Many authors have stressed that the choice of the Kernel function has a smaller impact on final results in comparison with the choice of the bandwidth (Turlach 1993; O’Sullivan and Wong 2007; Xie and Yan 2008). The Gaussian kernel is a special case (non-compact kernel) because it does not integrate to one on the domain \([-bw ; +bw]\) but on \([-\infty ; +\infty]\), leading to a loss of mass for each event.

2.2 Diggle’s correction

Formula (1) describes the basic KDE value, which is unbiased only if the study area is infinite in every direction and if the spatial process is sampled everywhere in this space. In practice, such situations are rare, and the basic KDE is biased at the frontier of the study area. For example, let us imagine a case where abandoned syringes locations are systematically reported in a specific district of a city. The ones lying outside the district limits are not considered, leading to a situation where the border areas systematically have a lower estimated intensity. To reduce this effect, Diggle’s correction (equation (3)) is generally used (Diggle 1985).

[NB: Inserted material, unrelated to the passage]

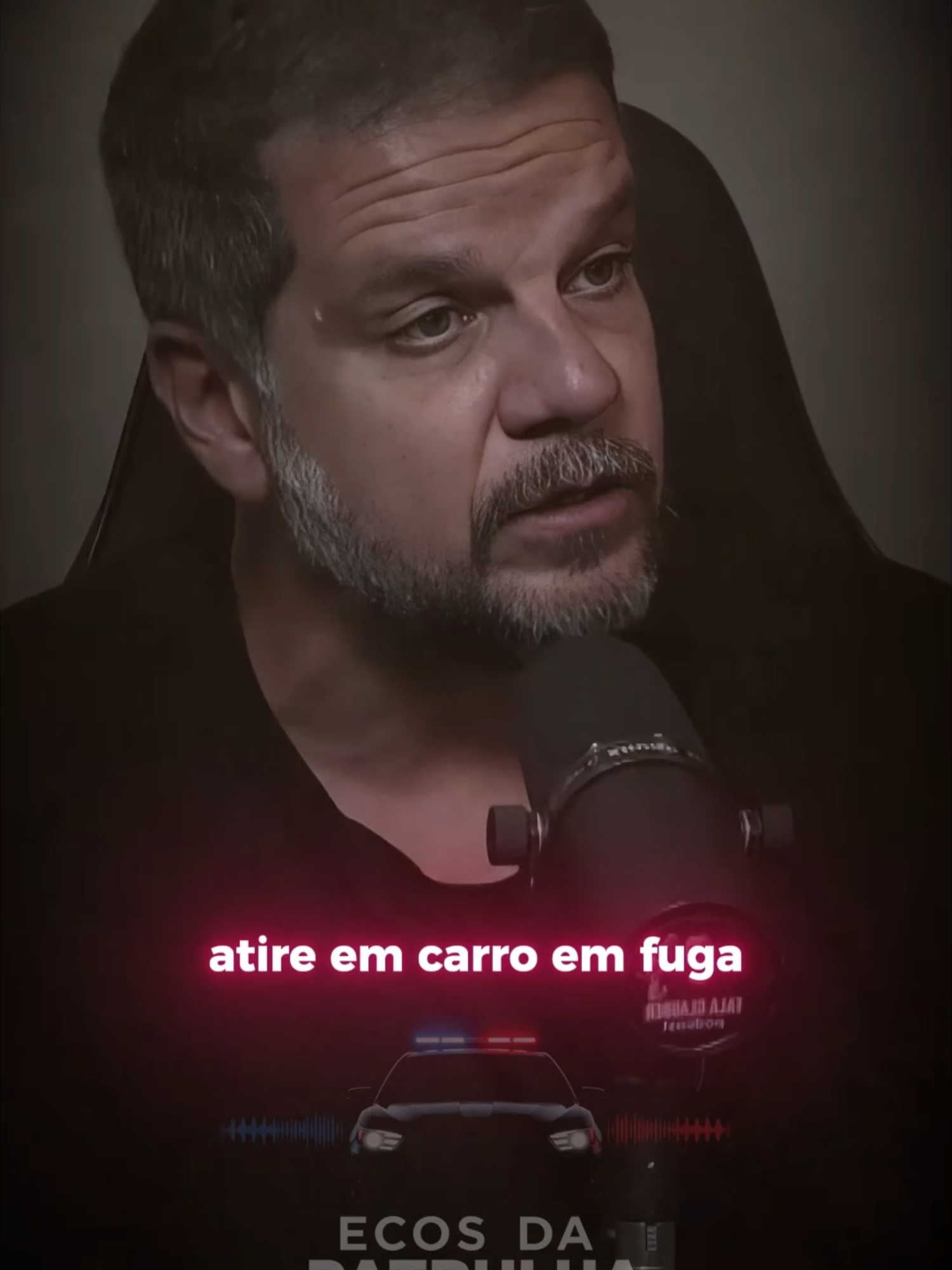 nunca AT1R3 em CARRO em FUGA #rodrigopimentel #falaglauberpodcast #podcastpolicial #riodejaneiro #fuga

\[\begin{aligned} \label{eq3} \begin{gathered} \lambda^D(u) = \frac{1}{bw^2}\sum_{i=1}^n w_i \cdot \frac{1}{e(e_i)}K(dist(u,e_i)) \\ e(u) = \int_W^vK(dist(u,v)). \end{gathered} \end{aligned} \tag{3}\]

This correction increases the weight of the events located close to the study area border because a part of their mass is lost above the border. For an event \(e_i\), with the location u, e(u) is the fraction of its mass in the study area (W). The correction factor is thus inversely proportional to the fraction of the event’s mass in the study area. For example, an event having only half its mass in the study area will end up with a doubled weight.

2.3 Adaptive bandwidth

In its basic form, the bandwidth of the KDE is fixed, i.e. the value of the bandwidth is the same everywhere in the study area. This is an important limitation if the intensity of the spatial process has a pronounced spatial variation. In that case, the risk is to obtain oversmoothed results in areas with high intensity and undersmoothed results in areas with low intensity. To overcome this limitation, it is possible to replace the fixed bandwidth with a vector of spatially varying bandwidths. The bandwidths should be smaller in subregions with higher intensity and wider elsewhere. The Abramson method (Abramson 1982) is often used to define this vector of bandwidths. Its calculation requires two steps. First, a pilot estimate (\(\tilde{\lambda}\)) is calculated at the location of each event (\(u_{ei}\)) by using a global bandwidth \(h_0\). Second, the vector of bandwidths (\(h(u_{ei})\)) is calculated with equation (4):

\[\begin{aligned} \label{eq4} \begin{gathered} h(u_{ei}) = h_0 \cdot \frac{1}{\sqrt{\tilde{f}(u_{ei})/\gamma}} \\ \gamma = (\prod_{i=1}^n\frac{1}{\sqrt{\tilde{f}(e_i)}})^{\frac{1}{n}}. \end{gathered} \end{aligned} \tag{4}\]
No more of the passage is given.